Working memory — a new user/working namespace written on every compaction. Acts as a "what's been happening lately" snapshot. Injected in full at session start. Expires after N days (default 14).
Unified user namespace — a canonical user/* tree shared across all channels, replacing today's session-scoped isolation.

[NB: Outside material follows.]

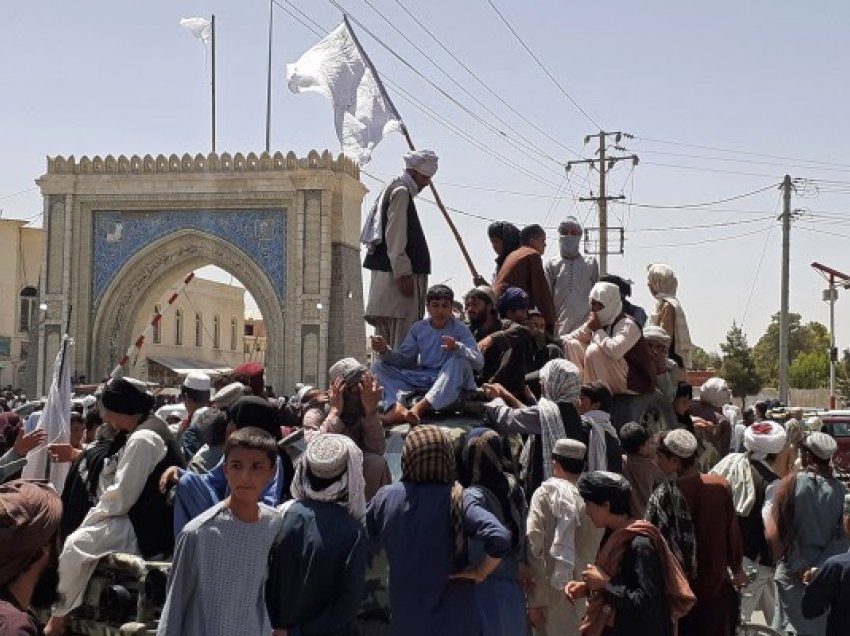 ​Biden paralajmëron talibanët: Përgjigjja do të jetë e fortë nëse rrezikoni misionin tonë në Afganistan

Section 1: Unified User Namespace
Namespace Layout
memory/
user/
profile ← stable facts: name, timezone, role, preferences
patterns ← recurring behaviors: working style, recurring topics
working ← rolling compaction summary (TTL-based)
sessions/
telegram:123/... ← session-specific (unchanged, existing behavior)
ws:abc/...
Identity Model
A single memory.user_namespace config key (default: unset) ties all channels together. All channels on the Flynn instance with this config treat memory as belonging to one person. Unset = current session-scoped behavior, unchanged.
This is appropriate for personal assistant deployments (one person, many surfaces). Multi-user is out of scope.
Config
memory:
user_namespace: "user" # enables shared identity; absent = session-scoped (current)
Extraction Routing
When user_namespace is set:
- Stable extracted facts →
user/profile,user/patterns - Compaction summary →
user/working - Session-specific context →
sessions/<id>/...(unchanged)
Section 2: Working Memory Layer
Storage
user/working namespace in the existing MemoryStore (flat file, no new storage engine). File format:
# Working Memory
Updated: 2026-02-25T11:30:00Z
Expires: 2026-03-10T11:30:00Z
[compaction summary content]
Lifecycle
| Event | Action |
|---|---|
| Compaction runs | Write summary to user/working, replacing previous content |
| Session starts | Read user/working; inject if Expires is in the future |
Expires in the past |
File is ignored; overwritten on next compaction |
| Memory store not configured | Entire feature is a no-op |
No background cleanup job required — expiry is checked lazily on read.
Size Budget
Capped at working_memory_max_tokens (default 1000 tokens). If the compaction summary exceeds the budget it is truncated before writing. Keeps injection overhead predictable.
Config
memory:
working_memory_ttl_days: 14 # expiry window; default 14
working_memory_max_tokens: 1000 # injection size cap; default 1000
Section 3: Compaction → Working Memory Flow
Current Flow
history exceeds threshold
→ compactHistory() produces summary string
→ summary replaces trimmed messages in session history
→ summary string discarded
New Flow
history exceeds threshold
→ compactHistory() produces summary string
→ summary replaces trimmed messages in session history
→ summary written to user/working (replaces previous)
→ memory extraction writes facts to user/profile + user/patterns
Compaction Prompt Change
Today's compaction uses a generic summarization prompt. Add a personal-assistant-focused variant that explicitly captures:
- What the user was working on and current status
- Decisions made and their outcomes
- Preferences or constraints the user expressed
- Open threads and follow-up items
This makes user/working genuinely useful as a "picking up where we left off" snapshot rather than a generic recap.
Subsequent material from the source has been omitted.